February 13, 2008
Fests and events, 2/13.
The House Next Door has put together a walloping preview of Film Comments Selects, the series opening tomorrow and running through February 28. Even if you're far and away from New York and won't be able to attend, a few of these capsule reviews at the very least will be of interest.
Related: Andrew Sarris in the New York Observer on The Duchess of Langeais: "Mr Rivette may have been so mesmerized by the profound precision of Balzac's prose that he failed to perceive how boring the literary narrative would be when it was brought to the screen comparatively intact." But Benjamin Strong finds that "Rivette wisely pumps up the irony found in the Balzac original, awakening its dormant class invective."

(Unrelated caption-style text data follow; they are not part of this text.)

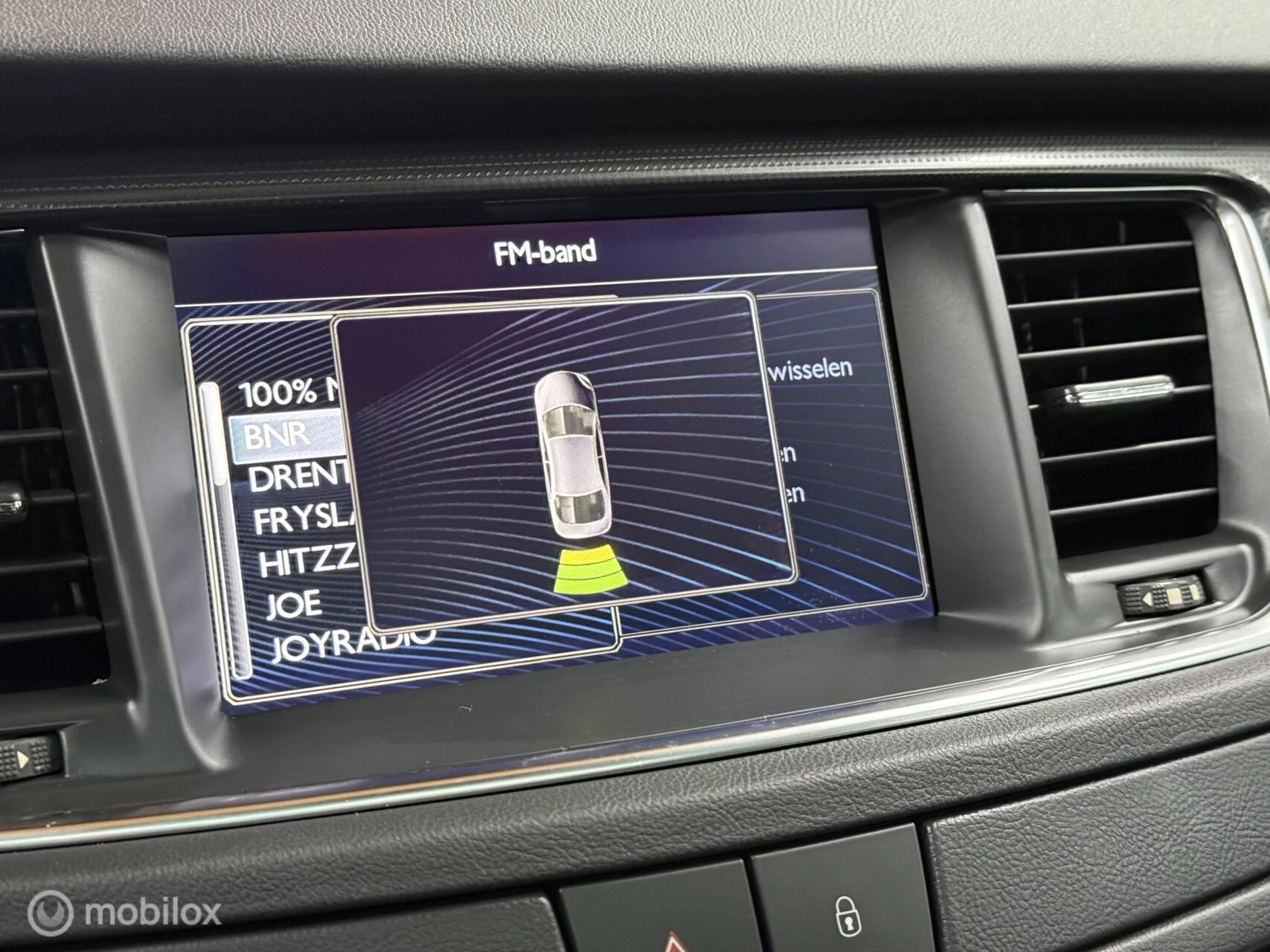 Hoofdafbeelding Peugeot 508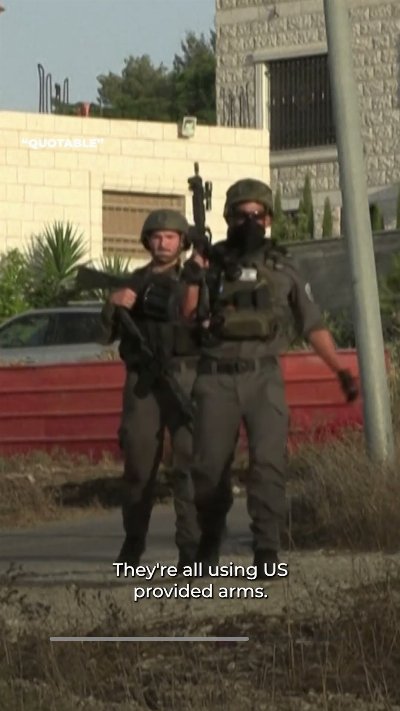 ‘No accountability for settler war crimes against Palestinians’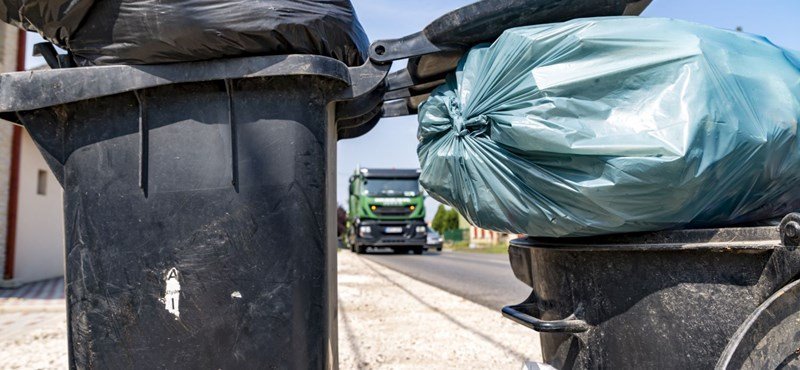 Megváltozik hulladékszállítás időpontja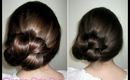 How To: Classic Side Bun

"BAMcinematek has become a reliable curator of Czech cinema with its annual contemporary surveys and its 2006 modernism excavation," writes Nicolas Rapold. "All demonstrate life after (and before) Loves of a Blonde."
"One of the films playing the SF Indie Fest is a movie we've all seen before, and yet it's guaranteed we've never seen it like this," writes James Rocchi at Cinematical. "Raiders of the Lost Ark: The Adaptation began as a labor of love, and then became a work of obsession."
And Eve O'Neill files a dispatch from the fest to SF360.
"My sense is that John Ford's breakthrough 1924 silent The Iron Horse isn't highly regarded by Ford fans, and I didn't have a strong reaction to it when I first saw it years ago," writes Dan Sallitt. "But the Museum of the Moving Image showed a good print in their current Ford at Fox series (which continues through February 24), and, I dunno, suddenly I really like the film. Certainly it seems to me the silent Ford that most conveys the directorial personality that we find in Ford's mature work."
John Oursler previews Dawn of Japanese Animation for the Reeler. Through Saturday.
The Austin Chronicle has launched its SXSW blog.